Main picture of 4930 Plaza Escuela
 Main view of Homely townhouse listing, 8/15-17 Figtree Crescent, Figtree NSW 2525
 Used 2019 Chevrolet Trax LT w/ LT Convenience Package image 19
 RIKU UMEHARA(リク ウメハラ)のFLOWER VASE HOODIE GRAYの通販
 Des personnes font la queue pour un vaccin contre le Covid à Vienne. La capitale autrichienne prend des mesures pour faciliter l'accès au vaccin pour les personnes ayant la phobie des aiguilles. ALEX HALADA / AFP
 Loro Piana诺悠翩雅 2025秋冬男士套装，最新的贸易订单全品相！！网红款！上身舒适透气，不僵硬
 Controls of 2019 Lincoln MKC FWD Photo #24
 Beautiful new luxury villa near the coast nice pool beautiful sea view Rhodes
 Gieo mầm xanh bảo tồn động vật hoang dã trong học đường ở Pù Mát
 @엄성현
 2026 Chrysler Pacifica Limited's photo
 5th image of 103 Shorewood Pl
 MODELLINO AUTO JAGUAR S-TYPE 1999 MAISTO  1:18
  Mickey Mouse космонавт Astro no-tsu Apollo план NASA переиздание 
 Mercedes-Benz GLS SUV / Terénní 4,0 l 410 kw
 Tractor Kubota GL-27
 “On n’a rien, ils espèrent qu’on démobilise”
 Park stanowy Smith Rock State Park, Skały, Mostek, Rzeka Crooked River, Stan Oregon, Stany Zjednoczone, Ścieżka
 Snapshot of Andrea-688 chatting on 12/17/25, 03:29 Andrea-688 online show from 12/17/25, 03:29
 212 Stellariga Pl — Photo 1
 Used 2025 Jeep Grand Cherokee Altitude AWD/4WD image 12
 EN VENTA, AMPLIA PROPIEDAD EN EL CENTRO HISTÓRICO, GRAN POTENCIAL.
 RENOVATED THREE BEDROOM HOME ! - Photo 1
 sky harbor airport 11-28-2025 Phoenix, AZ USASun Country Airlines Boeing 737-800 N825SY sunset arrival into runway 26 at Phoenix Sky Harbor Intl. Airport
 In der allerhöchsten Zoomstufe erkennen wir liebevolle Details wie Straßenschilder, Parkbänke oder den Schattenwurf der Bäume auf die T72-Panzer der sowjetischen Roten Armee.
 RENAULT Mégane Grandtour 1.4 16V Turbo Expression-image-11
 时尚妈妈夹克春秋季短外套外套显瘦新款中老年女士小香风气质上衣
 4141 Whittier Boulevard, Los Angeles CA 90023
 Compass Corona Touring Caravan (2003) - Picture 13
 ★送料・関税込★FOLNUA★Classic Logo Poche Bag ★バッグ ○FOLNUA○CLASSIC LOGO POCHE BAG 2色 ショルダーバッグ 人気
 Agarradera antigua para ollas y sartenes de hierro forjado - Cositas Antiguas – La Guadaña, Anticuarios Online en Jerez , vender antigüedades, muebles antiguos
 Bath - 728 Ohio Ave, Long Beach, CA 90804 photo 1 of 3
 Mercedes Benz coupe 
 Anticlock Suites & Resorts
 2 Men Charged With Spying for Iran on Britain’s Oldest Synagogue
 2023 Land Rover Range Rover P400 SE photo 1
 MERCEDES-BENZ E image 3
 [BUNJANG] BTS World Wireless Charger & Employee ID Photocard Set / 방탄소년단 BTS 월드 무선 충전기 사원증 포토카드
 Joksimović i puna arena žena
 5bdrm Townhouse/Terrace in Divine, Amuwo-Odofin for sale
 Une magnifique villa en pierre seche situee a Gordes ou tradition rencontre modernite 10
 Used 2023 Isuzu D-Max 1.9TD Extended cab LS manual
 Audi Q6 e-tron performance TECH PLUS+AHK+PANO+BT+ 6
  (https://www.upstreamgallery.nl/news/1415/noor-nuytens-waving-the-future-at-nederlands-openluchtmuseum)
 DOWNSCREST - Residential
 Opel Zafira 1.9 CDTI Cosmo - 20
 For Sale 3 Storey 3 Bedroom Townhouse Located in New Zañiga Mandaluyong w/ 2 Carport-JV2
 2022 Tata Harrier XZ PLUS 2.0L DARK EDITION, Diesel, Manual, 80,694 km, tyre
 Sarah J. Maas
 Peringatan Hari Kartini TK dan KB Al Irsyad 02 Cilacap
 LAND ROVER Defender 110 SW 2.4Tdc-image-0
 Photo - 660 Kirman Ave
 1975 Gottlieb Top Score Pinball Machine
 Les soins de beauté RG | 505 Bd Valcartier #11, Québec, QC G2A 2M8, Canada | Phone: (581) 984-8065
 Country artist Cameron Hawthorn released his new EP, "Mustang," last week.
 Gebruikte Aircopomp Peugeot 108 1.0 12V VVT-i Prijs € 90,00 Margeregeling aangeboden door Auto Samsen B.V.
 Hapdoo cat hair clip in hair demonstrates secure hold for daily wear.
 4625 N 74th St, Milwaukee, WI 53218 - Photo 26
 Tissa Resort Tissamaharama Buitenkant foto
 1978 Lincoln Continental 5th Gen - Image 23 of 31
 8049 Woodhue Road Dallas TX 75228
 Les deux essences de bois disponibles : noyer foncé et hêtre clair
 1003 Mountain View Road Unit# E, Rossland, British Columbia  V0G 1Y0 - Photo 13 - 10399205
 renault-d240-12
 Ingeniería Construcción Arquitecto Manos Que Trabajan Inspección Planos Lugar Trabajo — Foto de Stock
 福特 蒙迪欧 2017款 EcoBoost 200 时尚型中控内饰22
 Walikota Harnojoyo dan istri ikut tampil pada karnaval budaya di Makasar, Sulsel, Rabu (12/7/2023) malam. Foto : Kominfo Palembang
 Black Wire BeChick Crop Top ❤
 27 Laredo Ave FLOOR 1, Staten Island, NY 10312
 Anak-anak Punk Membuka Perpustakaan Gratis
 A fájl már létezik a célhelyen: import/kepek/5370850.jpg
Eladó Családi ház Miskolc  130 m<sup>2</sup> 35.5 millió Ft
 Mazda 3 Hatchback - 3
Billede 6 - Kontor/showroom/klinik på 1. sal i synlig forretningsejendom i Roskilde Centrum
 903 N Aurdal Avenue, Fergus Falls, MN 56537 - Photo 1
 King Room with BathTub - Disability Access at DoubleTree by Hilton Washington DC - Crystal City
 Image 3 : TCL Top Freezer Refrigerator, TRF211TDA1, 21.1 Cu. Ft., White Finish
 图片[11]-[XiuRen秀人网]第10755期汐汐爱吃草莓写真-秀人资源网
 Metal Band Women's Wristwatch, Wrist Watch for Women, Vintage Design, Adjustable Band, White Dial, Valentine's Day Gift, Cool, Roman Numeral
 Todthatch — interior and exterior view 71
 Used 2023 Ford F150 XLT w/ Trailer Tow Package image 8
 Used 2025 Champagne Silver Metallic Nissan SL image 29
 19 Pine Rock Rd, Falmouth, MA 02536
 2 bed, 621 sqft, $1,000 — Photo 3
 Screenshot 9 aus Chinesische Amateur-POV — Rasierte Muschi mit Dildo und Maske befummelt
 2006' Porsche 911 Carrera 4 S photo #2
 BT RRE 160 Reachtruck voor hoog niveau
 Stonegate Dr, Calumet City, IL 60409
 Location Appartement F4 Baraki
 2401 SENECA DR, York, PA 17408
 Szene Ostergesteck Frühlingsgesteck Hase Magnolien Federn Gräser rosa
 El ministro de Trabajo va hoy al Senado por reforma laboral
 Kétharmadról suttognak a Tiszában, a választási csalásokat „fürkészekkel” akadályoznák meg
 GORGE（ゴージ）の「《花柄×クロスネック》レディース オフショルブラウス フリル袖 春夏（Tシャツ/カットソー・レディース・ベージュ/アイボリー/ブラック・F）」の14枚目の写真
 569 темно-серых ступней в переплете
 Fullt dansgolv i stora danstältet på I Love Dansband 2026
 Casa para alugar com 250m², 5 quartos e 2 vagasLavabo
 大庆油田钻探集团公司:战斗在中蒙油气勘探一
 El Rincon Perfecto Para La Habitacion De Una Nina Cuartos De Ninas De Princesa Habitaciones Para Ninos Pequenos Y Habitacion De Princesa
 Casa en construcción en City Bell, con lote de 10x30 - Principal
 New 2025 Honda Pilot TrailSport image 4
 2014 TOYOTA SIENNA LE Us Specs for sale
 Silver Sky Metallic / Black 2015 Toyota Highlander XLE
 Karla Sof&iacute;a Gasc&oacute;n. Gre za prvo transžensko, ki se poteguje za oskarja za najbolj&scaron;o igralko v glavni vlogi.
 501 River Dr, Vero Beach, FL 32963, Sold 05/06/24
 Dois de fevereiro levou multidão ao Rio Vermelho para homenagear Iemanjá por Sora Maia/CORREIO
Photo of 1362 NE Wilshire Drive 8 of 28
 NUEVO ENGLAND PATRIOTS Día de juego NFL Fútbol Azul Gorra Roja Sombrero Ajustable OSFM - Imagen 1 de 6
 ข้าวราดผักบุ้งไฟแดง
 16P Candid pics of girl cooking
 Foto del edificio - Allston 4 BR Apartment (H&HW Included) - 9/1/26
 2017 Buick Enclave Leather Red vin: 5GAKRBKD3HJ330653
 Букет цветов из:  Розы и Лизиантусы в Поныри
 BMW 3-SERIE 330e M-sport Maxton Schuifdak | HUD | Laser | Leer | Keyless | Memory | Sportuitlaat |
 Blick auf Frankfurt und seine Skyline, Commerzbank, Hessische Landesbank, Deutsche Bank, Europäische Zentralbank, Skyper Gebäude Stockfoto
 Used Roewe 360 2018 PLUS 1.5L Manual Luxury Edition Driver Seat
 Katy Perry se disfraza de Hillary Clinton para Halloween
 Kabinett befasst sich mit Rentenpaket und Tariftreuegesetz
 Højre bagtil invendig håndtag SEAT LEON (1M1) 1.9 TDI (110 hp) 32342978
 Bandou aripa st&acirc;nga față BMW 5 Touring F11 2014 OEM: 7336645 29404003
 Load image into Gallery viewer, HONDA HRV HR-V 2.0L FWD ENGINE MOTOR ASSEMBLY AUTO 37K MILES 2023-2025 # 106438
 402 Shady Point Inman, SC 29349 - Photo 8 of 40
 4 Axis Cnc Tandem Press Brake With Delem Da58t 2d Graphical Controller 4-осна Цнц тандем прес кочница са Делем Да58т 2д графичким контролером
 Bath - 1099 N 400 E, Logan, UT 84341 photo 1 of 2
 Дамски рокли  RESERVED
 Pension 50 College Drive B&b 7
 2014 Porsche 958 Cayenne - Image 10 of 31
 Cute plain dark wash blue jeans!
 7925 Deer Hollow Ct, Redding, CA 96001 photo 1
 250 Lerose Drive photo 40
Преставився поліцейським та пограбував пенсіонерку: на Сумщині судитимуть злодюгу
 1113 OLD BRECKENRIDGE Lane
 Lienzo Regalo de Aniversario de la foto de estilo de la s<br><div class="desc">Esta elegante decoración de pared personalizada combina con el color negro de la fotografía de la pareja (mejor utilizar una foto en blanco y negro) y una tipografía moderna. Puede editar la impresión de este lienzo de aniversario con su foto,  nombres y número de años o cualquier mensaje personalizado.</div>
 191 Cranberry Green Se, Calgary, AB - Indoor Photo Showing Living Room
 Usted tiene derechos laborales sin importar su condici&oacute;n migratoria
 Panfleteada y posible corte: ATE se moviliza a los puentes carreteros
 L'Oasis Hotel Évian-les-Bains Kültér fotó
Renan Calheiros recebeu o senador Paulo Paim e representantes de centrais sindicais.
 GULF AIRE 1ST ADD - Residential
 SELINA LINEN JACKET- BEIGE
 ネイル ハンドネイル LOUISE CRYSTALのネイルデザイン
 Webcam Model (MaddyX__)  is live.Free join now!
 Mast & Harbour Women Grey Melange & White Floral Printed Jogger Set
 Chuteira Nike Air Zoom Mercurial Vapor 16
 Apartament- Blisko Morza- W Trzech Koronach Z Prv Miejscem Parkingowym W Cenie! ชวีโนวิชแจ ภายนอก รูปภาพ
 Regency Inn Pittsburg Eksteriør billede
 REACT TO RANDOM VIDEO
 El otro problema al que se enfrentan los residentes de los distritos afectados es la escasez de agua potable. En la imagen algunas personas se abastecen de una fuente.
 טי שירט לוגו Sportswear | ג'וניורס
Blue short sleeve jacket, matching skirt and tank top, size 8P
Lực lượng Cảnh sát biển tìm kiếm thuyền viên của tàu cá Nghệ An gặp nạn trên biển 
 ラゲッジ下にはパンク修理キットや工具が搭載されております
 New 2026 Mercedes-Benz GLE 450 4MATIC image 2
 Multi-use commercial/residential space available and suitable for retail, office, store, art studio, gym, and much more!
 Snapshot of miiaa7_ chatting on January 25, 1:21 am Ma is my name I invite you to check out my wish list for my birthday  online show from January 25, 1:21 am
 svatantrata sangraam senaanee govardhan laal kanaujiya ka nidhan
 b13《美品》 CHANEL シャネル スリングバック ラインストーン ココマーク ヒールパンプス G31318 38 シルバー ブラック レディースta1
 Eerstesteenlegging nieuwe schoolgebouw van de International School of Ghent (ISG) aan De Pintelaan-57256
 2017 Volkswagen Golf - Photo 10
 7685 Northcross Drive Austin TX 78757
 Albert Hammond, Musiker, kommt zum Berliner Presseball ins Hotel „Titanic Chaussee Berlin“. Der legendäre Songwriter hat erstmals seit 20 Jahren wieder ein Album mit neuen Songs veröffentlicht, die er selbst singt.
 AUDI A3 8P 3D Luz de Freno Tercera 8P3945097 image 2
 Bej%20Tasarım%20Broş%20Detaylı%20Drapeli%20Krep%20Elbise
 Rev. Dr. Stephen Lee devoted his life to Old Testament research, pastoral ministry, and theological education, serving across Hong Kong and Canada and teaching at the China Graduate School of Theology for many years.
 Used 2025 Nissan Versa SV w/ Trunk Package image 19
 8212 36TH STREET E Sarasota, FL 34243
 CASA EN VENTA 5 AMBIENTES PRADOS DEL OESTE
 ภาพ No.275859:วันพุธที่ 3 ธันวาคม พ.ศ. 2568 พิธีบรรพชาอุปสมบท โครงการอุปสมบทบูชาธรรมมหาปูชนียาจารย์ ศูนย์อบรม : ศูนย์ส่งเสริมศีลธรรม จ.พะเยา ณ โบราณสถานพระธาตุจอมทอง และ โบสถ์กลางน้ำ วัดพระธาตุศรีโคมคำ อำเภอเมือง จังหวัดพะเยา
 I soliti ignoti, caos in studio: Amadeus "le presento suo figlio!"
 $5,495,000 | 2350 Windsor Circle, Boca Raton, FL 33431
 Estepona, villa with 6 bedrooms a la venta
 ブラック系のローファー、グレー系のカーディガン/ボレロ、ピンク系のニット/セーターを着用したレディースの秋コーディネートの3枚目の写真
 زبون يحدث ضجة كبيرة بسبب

§ Exercise requirements
Return, word for word, every line from the top of the entries down to the line that holds "RIKU UMEHARA(リク ウメハラ)のFLOWER", both included.

§ The answer
Main picture of 4930 Plaza Escuela
 Main view of Homely townhouse listing, 8/15-17 Figtree Crescent, Figtree NSW 2525
 Used 2019 Chevrolet Trax LT w/ LT Convenience Package image 19
 RIKU UMEHARA(リク ウメハラ)のFLOWER VASE HOODIE GRAYの通販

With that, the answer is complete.